◆ **TASK INSTRUCTIONS**: Give back every line of the material below exactly, but no images.

◆ **DATA PROVIDED**:
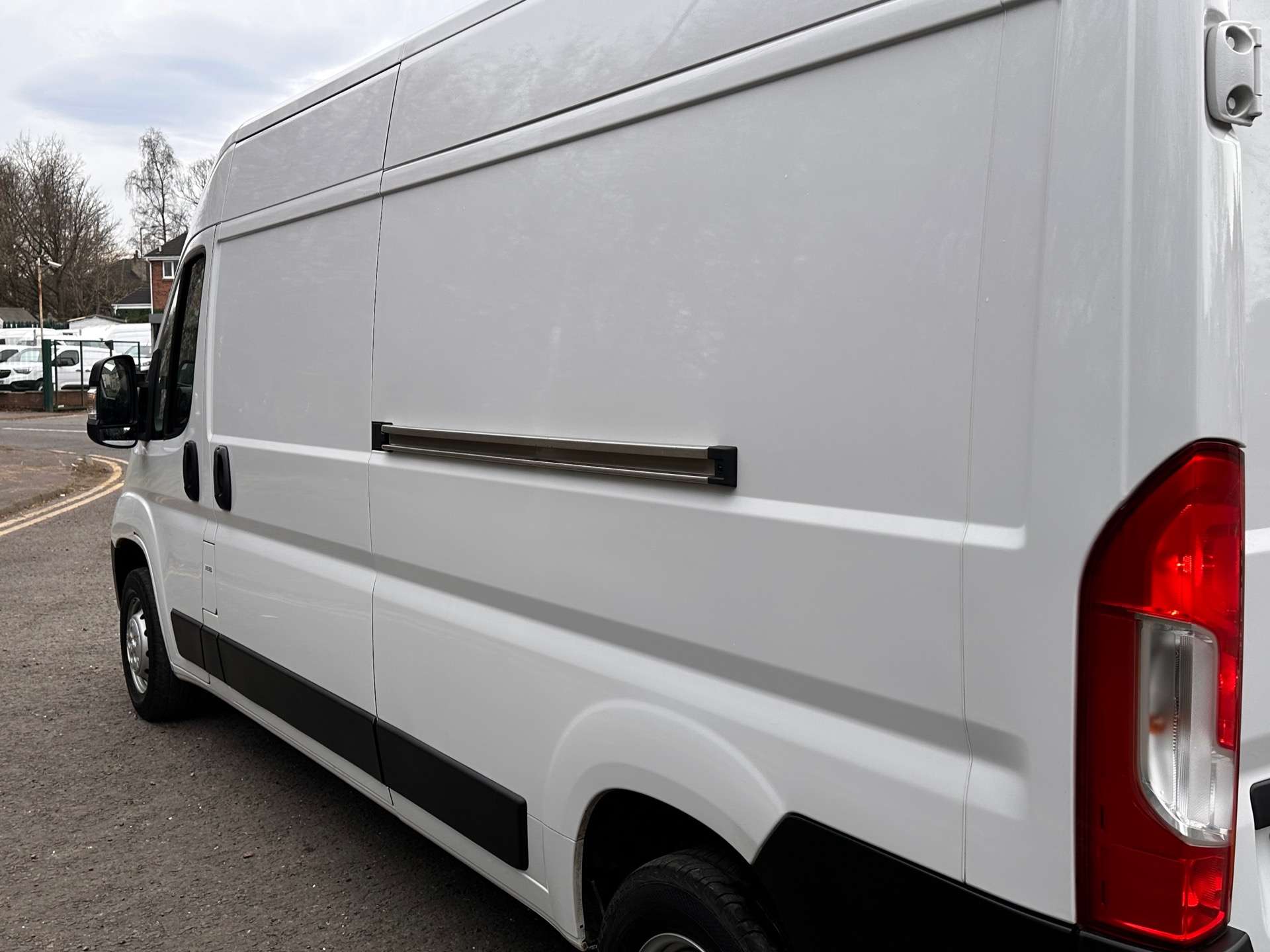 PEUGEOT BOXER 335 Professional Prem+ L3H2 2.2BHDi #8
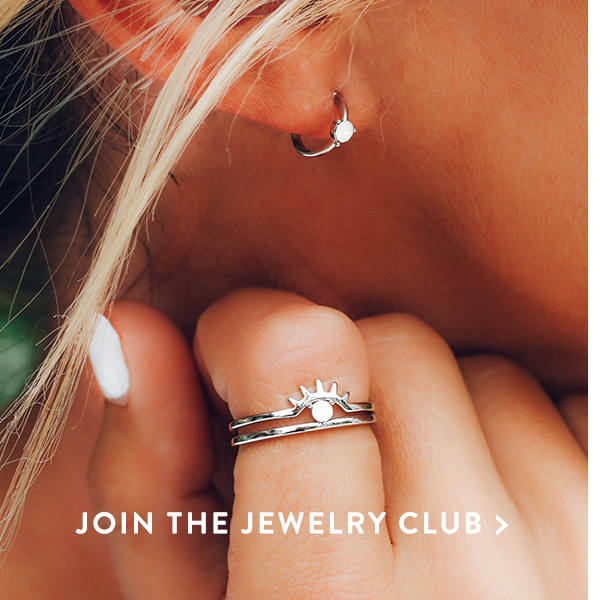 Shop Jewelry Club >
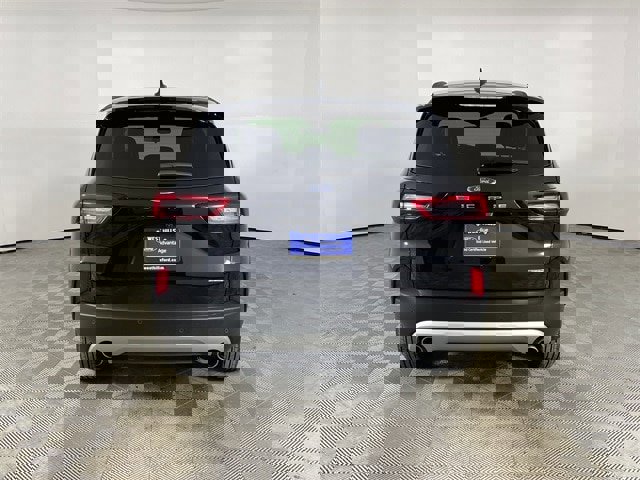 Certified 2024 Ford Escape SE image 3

◆ **EXPECTED OUTPUT**:
 PEUGEOT BOXER 335 Professional Prem+ L3H2 2.2BHDi #8
 Shop Jewelry Club >
 Certified 2024 Ford Escape SE image 3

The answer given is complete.